Our strategy for security in the transition to Iraq sovereignty has multiple elements: First, we are planning for the transition from occupation to partnership with the Iraqis. To that end, to better coordinate with the new US Mission in Iraq, we are establishing the organization Multinational Forces - Iraq (MNF-I), which will be the senior military command in Iraq. It is subordinate to General Abizaid as Commander, US Central Command. We envision this headquarters will work closely with the US Mission on strategic issues regarding our activities and relationship with Iraq. Underneath MNF-I will be our corps-level tactical command that directs the day-to-day tactical operations of the MNF. Both of these headquarters are international in composition, with the key difference that Iraq will be a full partner in the MNF in its own security, together with the rest of the countries of the MNF. Also working for the MNF-I commander will be an organization called the Office of Security Transition. This organization is dedicated to the training and equipping of all Iraqi security forces during the transition period such that the Iraqis can assume full responsibility for their own security at the earliest suitable time.

Our security focus is this: we will continue to train and equip Iraqi security forces while developing effective Iraqi chains of command. We will fund projects designed to help Iraq, employ Iraqis, and by implication, gain Iraqi consent.

The long-term solution is to continue and expedite our training and equipping of Iraqi Security Forces. Coalition military personnel have made significant progress in the recruiting, training and equipping Iraqi Security Forces. To date, more than 210,000 Iraqi citizens have taken positions in the various components of the Iraqi Security Force that are now contributing to the security and stability of Iraq. This includes more than 87,000 in the Iraqi police service, 15,000 in the Department of Border Enforcement, 28,000 in the Iraqi Civil Defense Corps, 4,000 in the Iraqi Armed Forces, and 74,000 in the Facilities Protection Service. By the end of June, Iraqi Civil Defense Corps will consist of 45 battalions.

Commensurate with the buildup of forces is the establishment of institutions through which Iraqis will progressively exercise more responsibility for Iraq's security. Iraqis are establishing a Ministry of Defense (MOD), a Ministry of the Interior (MOI), and a Ministerial Committee on National Security.

We are working to establish the conditions necessary for the transition of local control to Iraqis. In order for this transition to be effective, it requires the existence of Iraqi security organizations capable of providing local law and order, as well as organizations capable of planning, directing, and executing security operations.

Transition at the regional level will build upon successes at the local level.

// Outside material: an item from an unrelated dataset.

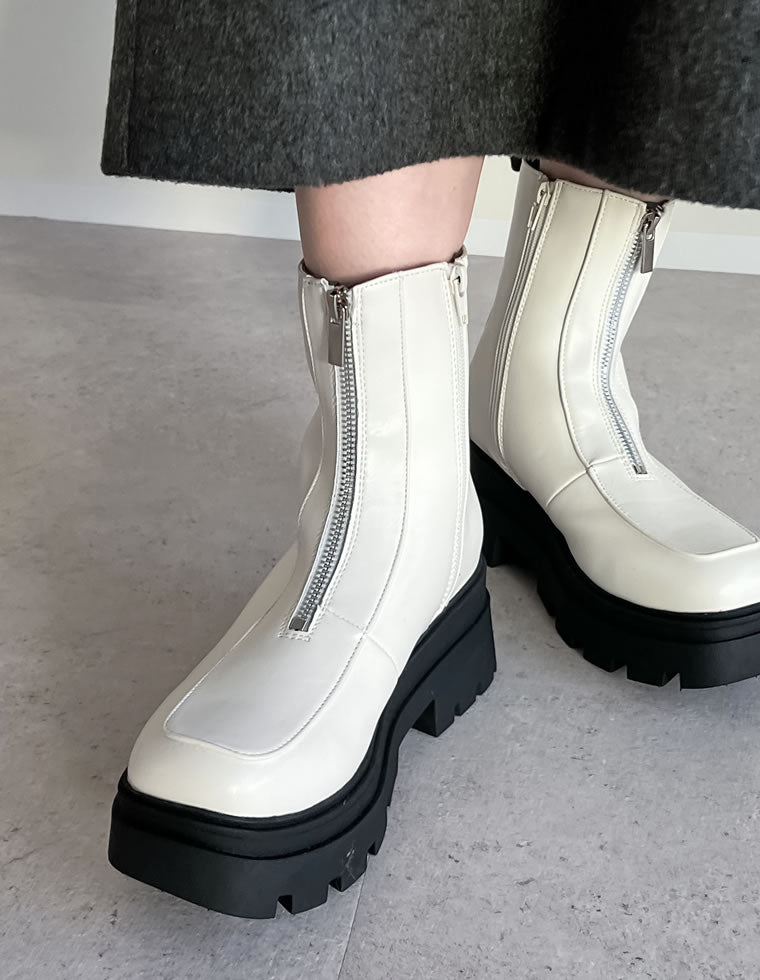 フロントジップトラックソールブーツ - シューズ通販 | 人気レディース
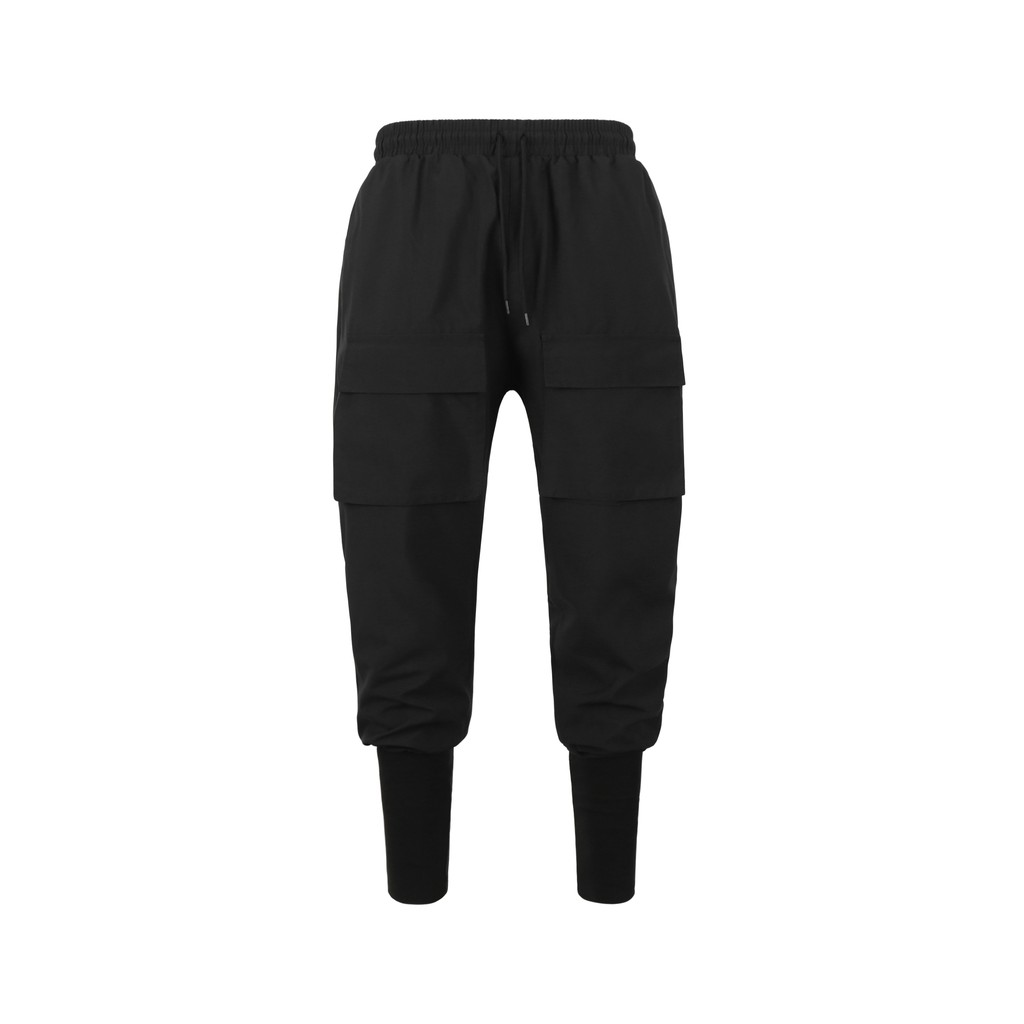 Quần Jogger Màu Đen Chất Liệu Polyester Vải Dù Có Bo Dài Lưng Thun Hai túi Hộp Hai Bên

It will require the existence of an effective Iraqi political structure, operational regional security organizations, and chains of command capable of command and control of forces in the region.

The quantity of Iraqi Security Forces is on track; quality and equipping are the key focus now. Effective Iraqi chains of command must rapidly develop in order to gain Iraqi consent and enable a multinational partnership. We must expand international security forces to support the return of the UN and their work. We must provide the secure background to the upcoming political transition, to include security for the elections processes. To accomplish this, we cannot do it alone. We continue to require the support of a coalition of like-minded nations, which now includes Iraq, as we work towards political and economic stability in that country, making a better future for all Iraqis and creating a positive example for progress in the region.

Thank you for the opportunity to provide my report on Iraq's transition to sovereignty, and the role of our Nation's finest - our Soldiers, Sailors, Airmen, Marines and Coastguardsmen.